I almost never cry for myself. Rejections sting, and of course, make me get down on life, but it's not until I see someone else suffering that my emotions really come out. I sympathize and find it too easy to imagine myself in their situation. That's when my heart really grieves. It's even true for fictional people. I still can't re-read Grudging without shedding tears at certain scenes because the characters' heartbreak becomes mine. With deadly stakes and scenes of loss, just writing the series often puts the real me in a funk of dark thoughts. I laugh less during the months I write. I suffer along with the characters.
But I'm also the kind of person who cries at a heartwarming movie, or even a stinking commercial for goodness sake. Tears also come when I get angry and try to form that into words--basically whenever I feel very strongly about something. I wish it wasn't so, but it's part of what makes me. On the other hand, small things like seeing my favorite cosplay character or getting a book in the mail send me into happy dances. I've always been emotional.

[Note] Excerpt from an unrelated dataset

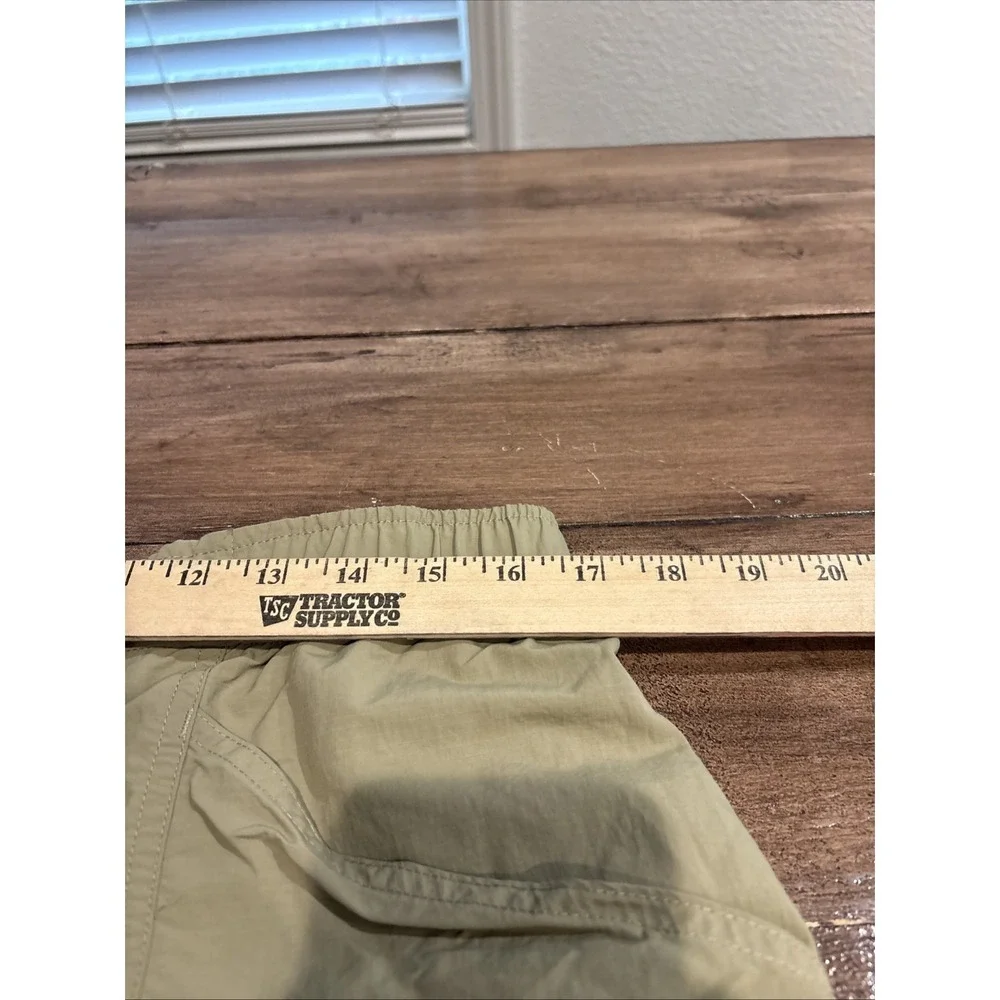 Eddie‎ Bauer Sport Swim Trunks Shorts Mens Medium Belted  Beige Cargo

I guess the answer doesn't really matter. Whether the writing makes the emotion or it was there all along, the important part is putting that angst into our writing. Being able to move other people with words is a true talent. We, as writers, make other people feel by sharing our own emotion on topics large and small. That can move the world.
Are you emotional? Do you feel a character's plight too much? Does it hurt when they die? Do you cry at movies and can watching the nightly news make you too depressed for words? Then you're probably a writer--rejoice!